Navigating the new normal

Volatile times are here to stay, however, and the market will have to grapple with this new normal. And whilst some volatility can be a positive thing, too much isn’t good for investor returns.

There are positive indicators for 2023, with reports of a significant resurgence in bonds, but traders still need to operate against the backdrop of lower returns, reduced balance sheets and less liquidity. It’s a challenging market, but one where the increasing use of technology and AI combined (both in-house and externally provided) is helping traders to align and seek out new opportunities. This is supporting traders in riding out the volatility storm, uncovering liquidity amidst challenging market conditions.

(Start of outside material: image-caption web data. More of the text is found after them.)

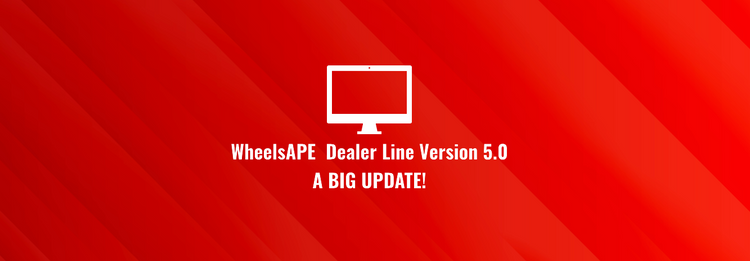 WheelsAPE Dealer-Line V5.0 Big Update!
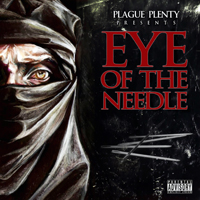 Plague Plenty - Eye Of The Needle
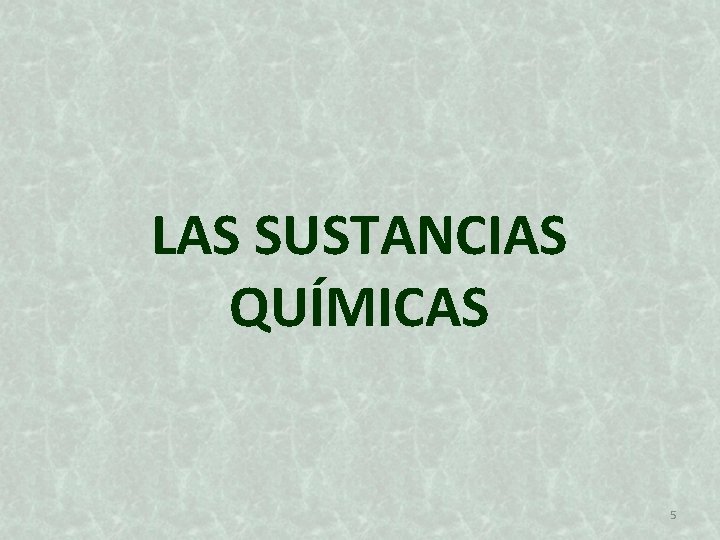 LAS SUSTANCIAS QUÍMICAS 5 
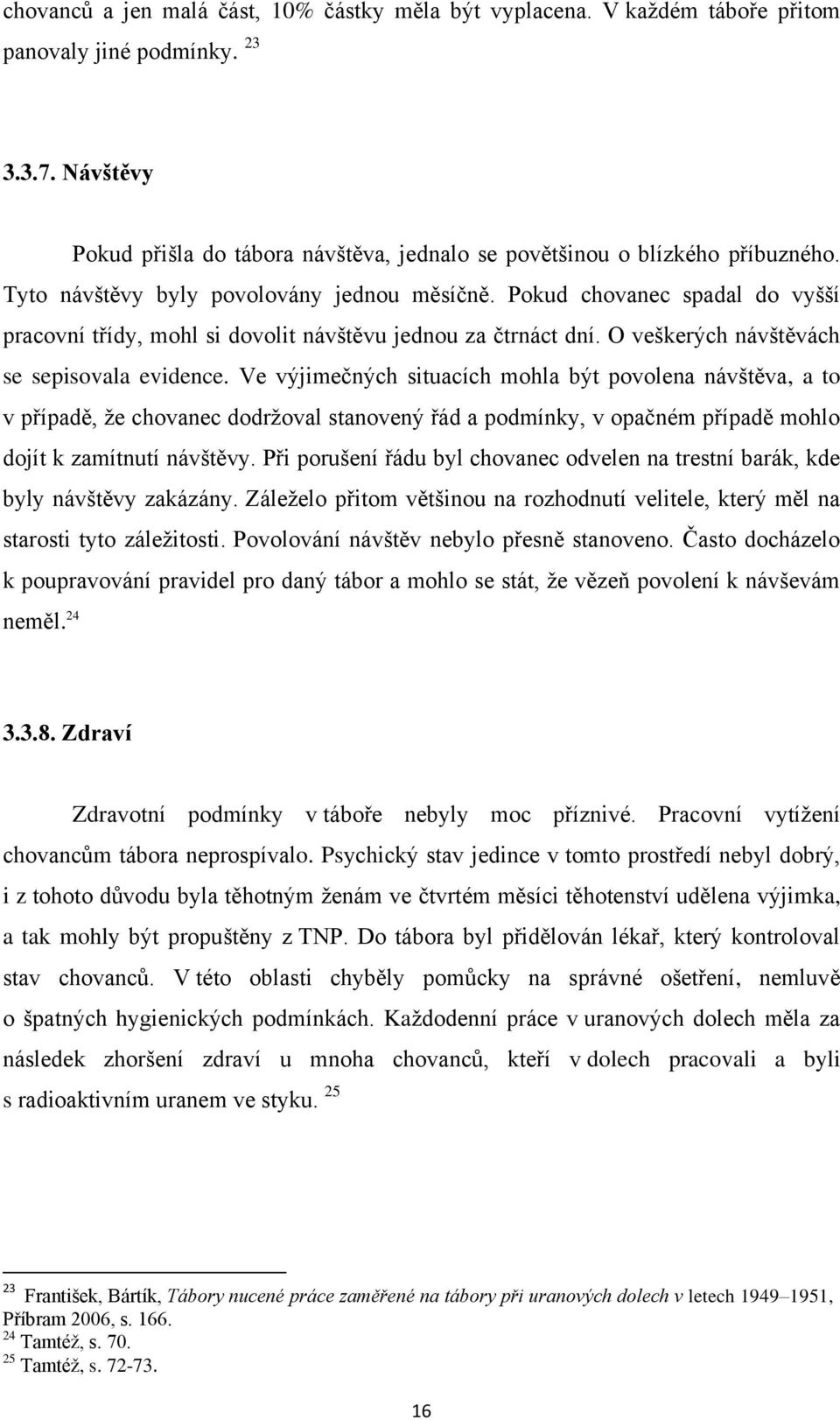 Ve výjimečných situacích mohla být povolena návštěva, a to v případě, že chovanec dodržoval stanovený řád a podmínky, v opačném případě mohlo dojít k zamítnutí návštěvy.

As processes become smoother, technology safer, predictions more accurate and pre-trade information leakages minimised, traders are putting greater trust in tools, such as smart protocols. Not only does it help them to access latent pools of liquidity, but it also speeds-up settlement cycles and secures best price (as only suitable matches are presented, as opposed taking trades to a wider untargeted market). As greater trust is being placed in technology, it’s proving simpler to demonstrate best execution – resulting in traders becoming more comfortable that they’re not being disintermediated.

Global ramifications

There is still plenty of movement in the markets globally, which technology is helping traders to navigate, presenting multiple opportunities and threats. Starting in the US, the market is in a relatively calm situation – with inflation under control and only a minor recession (if at all) predicted.

The UK also followed the US lead, in raising rates, which is having a positive impact on the market. Recession fears still remain, as the UK relies on imports more heavily than the US (skewing recovery), but it’s hoped that the downturn won’t be as deep as initially predicted. Current leadership, both in the Bank of England and Government, has also been positively received by markets – being widely considered as a more stable pair of hands.

The EU is still grappling with rate rises against variances in multiple economies, however. Germany scrambled to find alternative sources to Russian energy last year, which is now under control. But the unrest around pension issues in France, and debt concerns in Italy, create a multitude of variables in the trading block.

For every half a percent that the ECB raises rates, for example, it has a significant dampening effect on Italy – Europe’s third largest economy. If the turmoil in Italy continues, it’s likely to result in a negative fallout for Greece and Spain too.

Outside of the EU and US, Japan is one to watch. With the largest debt of any country, 216% of GDP, and the recent moving of its target rate for 10 year JGB (Japan Government Bond yield) – the ramifications could be felt globally. This could potentially include selling off a significant amount of international bond holdings, which will be repatriated back into yen.

Trust and transparency

Whilst we can predict what is likely to happen this year, based on market indicators, as with any trading year there will always be an unexpected curveball thrown into the mix. But something that will remain regardless is the increased emphasis on improving trust and transparency in trading.

By utilising tools that create greater transparency, but within secure spaces, execution can be much more effective – from improving settlement cycles to securing best price. Whilst there are positive signs on the horizon overall for markets this year, volatility will remain. And by operating in environments that facilitate greater trust, shared visions of desired target states can be realised.